Wear Leveling in an Embedded Flash File System, 10-R8275
Inclusive Dates: 12/19/11 – 04/27/12
Background — This project evaluated a NAND-based flash wear-leveling algorithm in the context of typical flight software file system usage. Flash memories originally developed for the consumer market have revolutionized mass storage for space-based applications. However, flash memory cells can wear out quickly if erased frequently, degrading certain memory regions of the device enough to require replacement (not a viable option on-orbit). An algorithm was implemented that targeted the FAT filesystem – a filesystem readily available in many real-time operating systems. This algorithm was evaluated based on the number of erases per groups of clusters on the target mass memory device.

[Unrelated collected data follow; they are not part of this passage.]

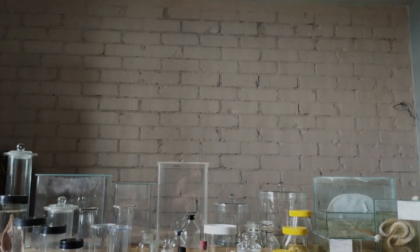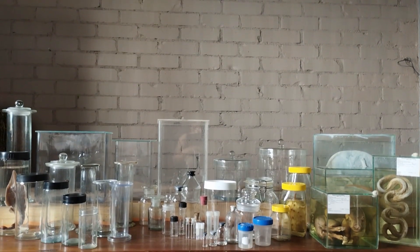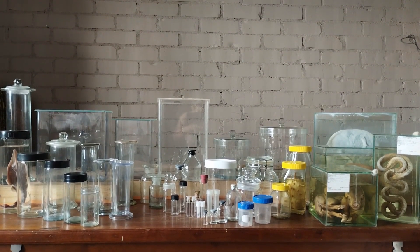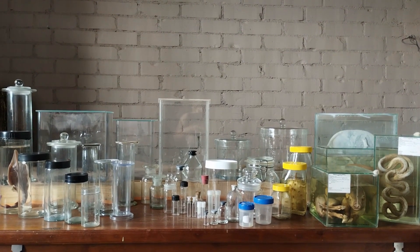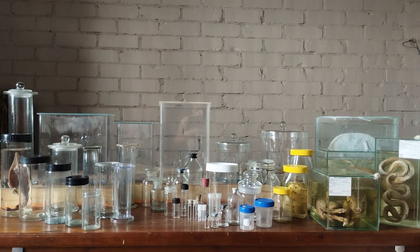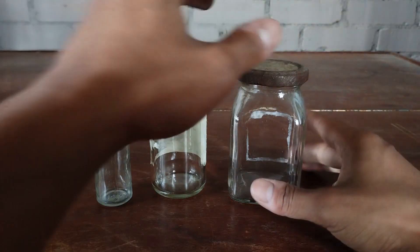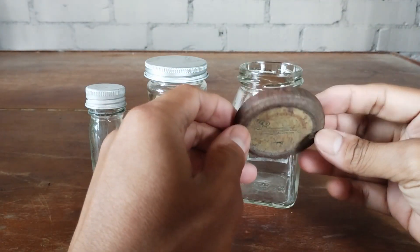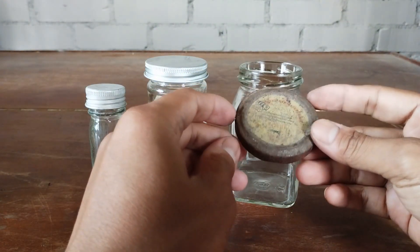Hello and welcome to a new video on wet specimens. In this episode we'll be primarily taking a look at the various types of containers recommended for storing wet specimens. I'll also discuss briefly about the containers that are not recommended for long-term specimen storage and the reasons behind why they fail to be effective containers.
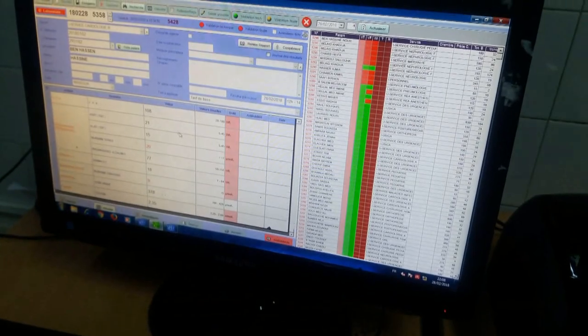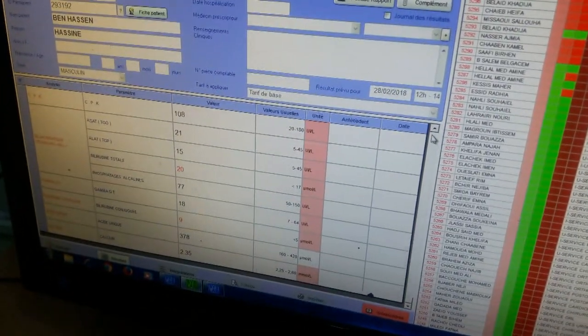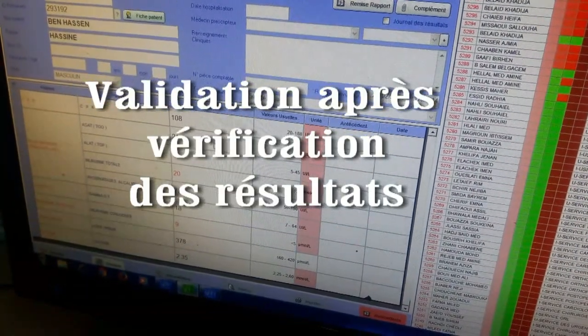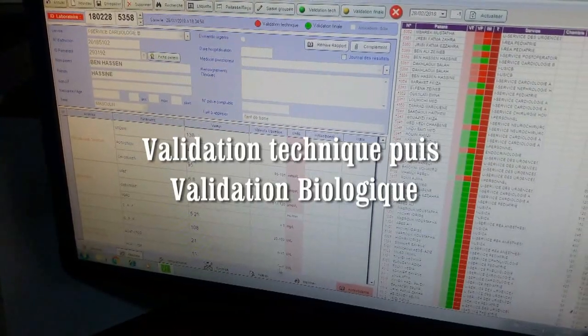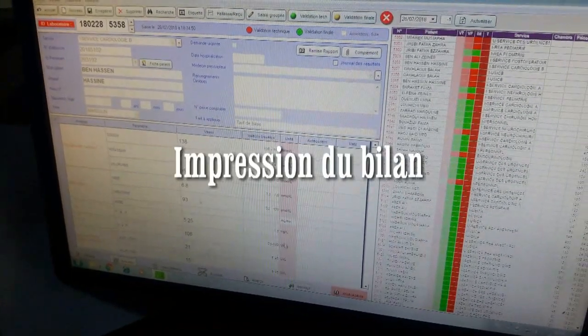Les différentes valeurs des différents paramètres saisis seront transférées vers le logiciel informatique. On peut ainsi valider. Après la validation, on imprime le bilan — on appuie sur le bouton imprimer.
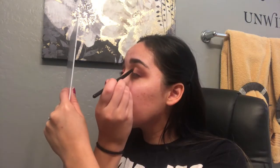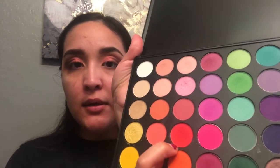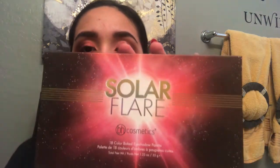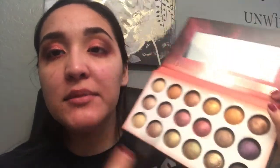So I'm going to go in with this pretty glitter red right here and I'm going to put that on top of the crease. Now I'm going to go in with the Morphe 35B palette and I'm going to go ahead and put this bright red on the lower lash line. Then I'm going to go ahead and put it in with the Solar Flare palette in the corner of my eye.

Approach — Traditionally, wear-leveling is implemented in either the hardware device or within file system software. Our approach implements wear-leveling algorithms within the device driver for the target device, the Multi-Mission Mass Memory Module (M4) mass memory board. Doing this allows us to make use of some of the features provided by the hardware design without paying the price of high overhead found in higher-level software solutions. The wear-leveling algorithm contains two main components: the logical-to-physical table (LPT) cluster mapping component and the reclamation component. The LPT maps the requested logical clusters to physical clusters on the device. Reclamation erases clusters that have been marked as free and periodically moves old clusters to new less-used locations. The number of device erases is used to determine where new data is written and where old clusters are relocated.

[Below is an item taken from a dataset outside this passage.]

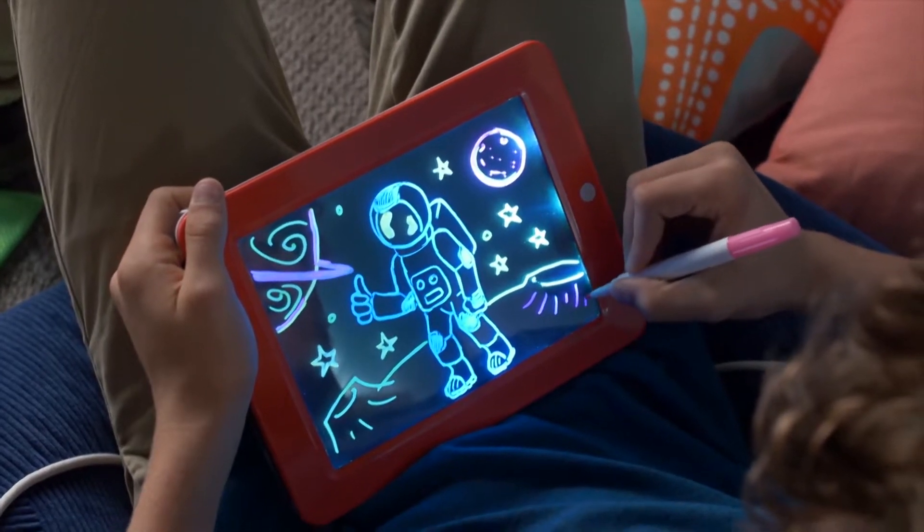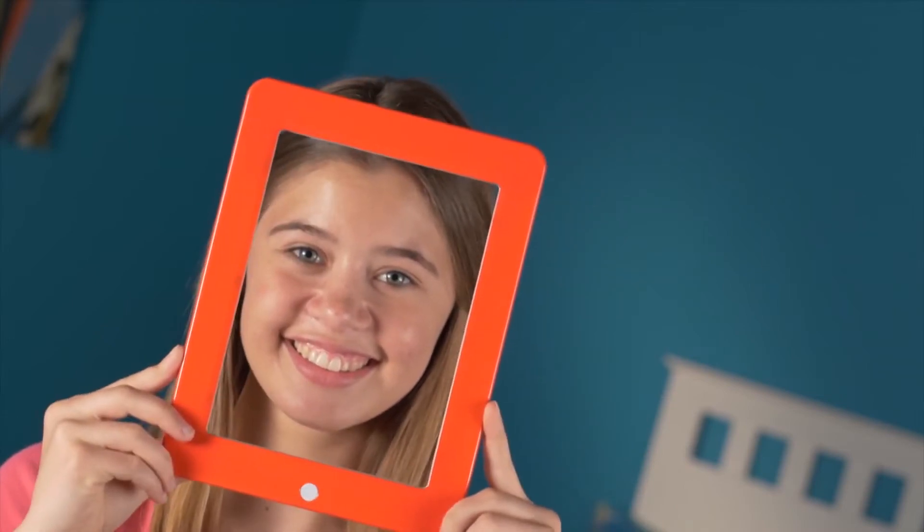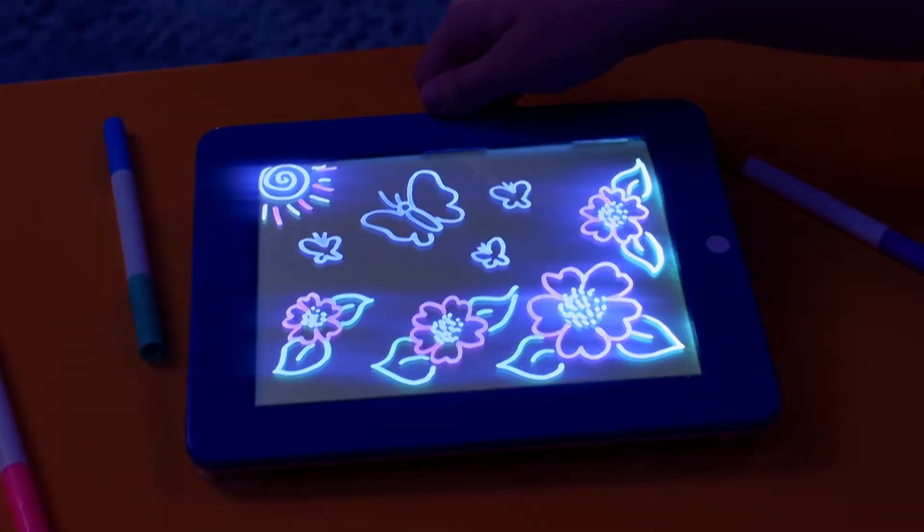The fun new way to draw, sketch and create, so all your art illuminates. Magic Pad's unique screen is clear, but once you draw your art, glows super bright, day or night.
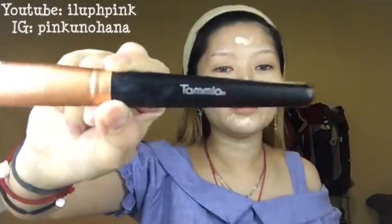Now I'm going to grab my foundation brush. I'm going to try this new brush. This is a local brand from Indonesia. It's called Tamia. Now let's see if it works well.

Evaluation of the performance of the wear-leveling solution occurs within the context of file system operation. To facilitate evaluation, we created a hierarchical driver structure utilizing the VxWorks extended block device (XBD) interface, which provides a framework for file system integration. Using the XBD interface, the device is mapped into a FAT file system. Erase statistics provide a mechanism to determine the evenness of wear as large files are written to the file system.

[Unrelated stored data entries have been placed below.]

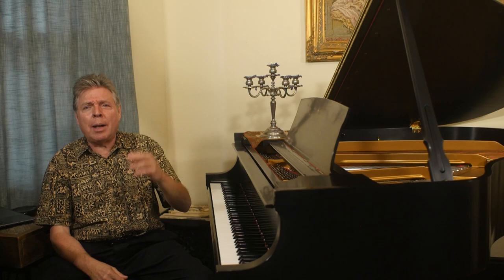I remember in the 1970s you could get a brand new Whitney spinet for a few hundred dollars. So they were popular for that reason. It was before digital pianos existed, so if somebody wanted something really inexpensive, that was really an option.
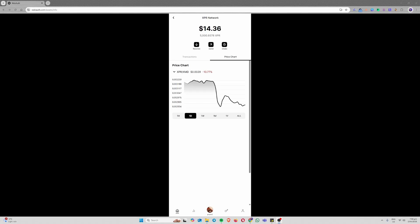Hi guys, SimpleBlock here. In today's video, I will show you how to stake your XPR tokens on your mobile device. We're going to be using a WebAuth wallet, which is the best wallet to use for storage of your XPR tokens. If you're not currently staking your XPR tokens, I really think you should consider it, because it really helps you most of all, but it also helps all the block producers on the network. Now, let's get into it.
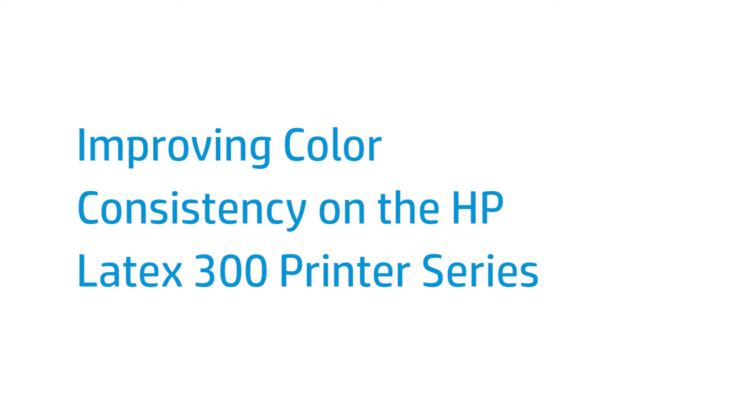This video shows how to ensure color consistency between prints despite all the variable factors in the hardware, i.e. printhead unit, printhead life, printer unit, etc., for a given substrate profile.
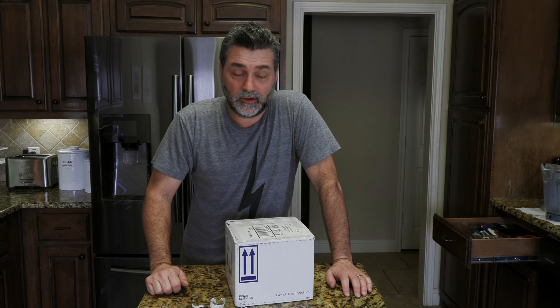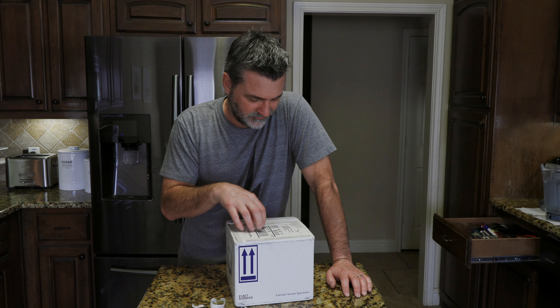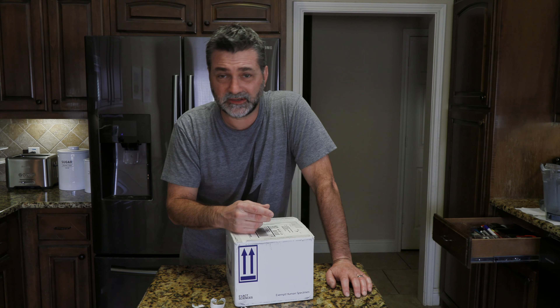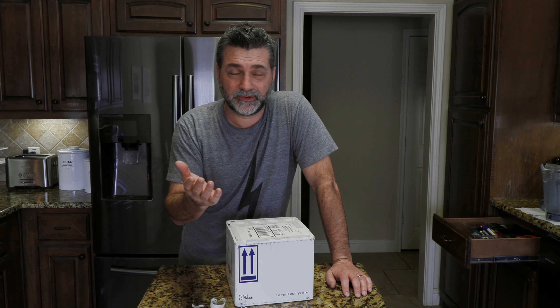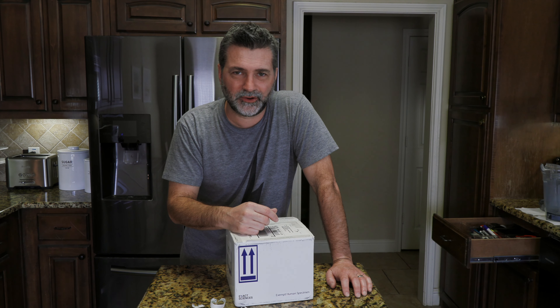Anyway, hope this helps some. If you don't want to get a colonoscopy, this is another way to do it. Then you get the results back — I think it's four to six weeks, maybe. And if they see any signs of anything fishy in your poop, then I guess you still have to go get a colonoscopy. This is sort of a first step. Anyway, thanks for watching this video and I hope it helps. Thank you.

Accomplishments — Wear-leveling statistics collected during this work were used to evaluate the algorithm. Preliminary results show that while the algorithm shows promise for effectively managing wear on the target device, some modifications will still be necessary. Primarily, the algorithm, as implemented, displays a tendency to favor the first half of the device while neglecting clusters on the remainder of the device. Future work will be required to examine and fix this issue.